The game comes packaged with a headset and game disc that contains the songs. It’s a simple process to set up: just put the game in and plug the headset into the back of the Playstation 2. In no time, you’re ready to rock.

The song selection is eclectic. Mandatory classics like “Celebrate” and “Like a Virgin” are dutifully accompany some more obscure favorites .

I whooped in joy upon finding New Order’s “Bizarre Love Triangle” and Huey Lewis’ “The Power of Love.” All told, there are over 35 songs, covering most tastes and genres.

The headset fits well on even my cranium, which is good because I have a melon comparable to Mr. Met. The automated mic calibration setup makes volume adjustment a breeze as well.

Using the controller, you control volume levels for the mic, earpiece and background music during a song if you find something too loud or soft.

Once the game starts rolling, the technical aspect is easy to grasp. A bar scrolls from right to left on the screen, with lines showing what tone you should sing.

The game is dead-on at picking out tone, but interestingly enough, it doesn’t recognize words. The player can hum and do just as well, but it’s not nearly as fun that way.

As the player sings, an arrow shows where the tone is relative to where it should be. If the tone is on, a bar fills right above the music. At the end of the measure, a judgment is given based on how full the bar is. Too many bad judgments and the audience will leave, reducing the singing avatar on screen to a crying wreck.

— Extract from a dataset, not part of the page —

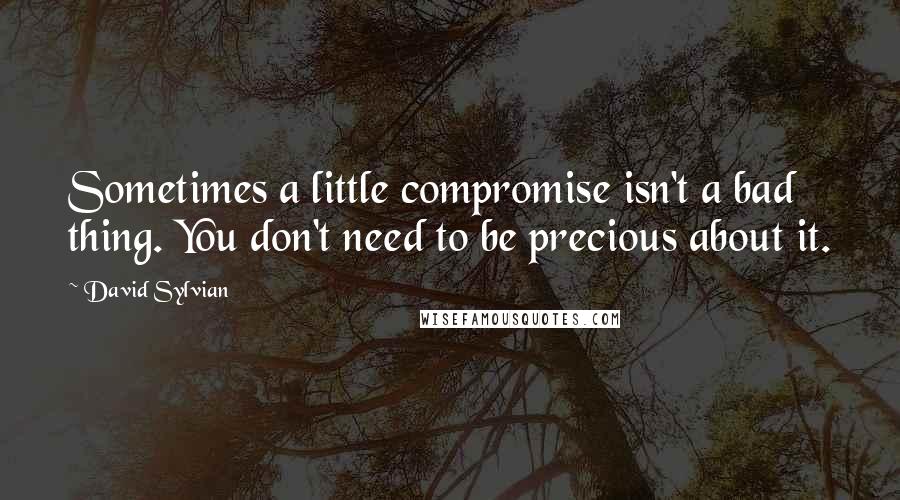 David Sylvian Quotes: Sometimes a little compromise isn't a bad thing. You don't need to be precious about it.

Graphics are nothing special, but they don’t really need to be. On screen a comically deformed character sings while plain-looking audience members clap along.

The lyrics and note indicators are bright and easy to see, which is about all this game needs in that department.

Just about the only letdown for me was the challenge. When I first started playing, I expected to do terribly and eventually work my way up to the hardest songs. I expected to become a better singer by playing through the game.

Yet, with a bit of familiarization and practice, I had little problem going through the hardest songs. This is probably a good thing because new players don’t want to be intimidated, but it was a little underwhelming for me.

What emerges is a game that anyone can play. Whether your next get together involves a houseful of accomplished singers or tone-deaf baritones confined to shower repertoires, Karaoke Revolutions will have them all in stitches.

While you can sing alone, playing the game with a group of friends or at a party is a truly entertaining experience.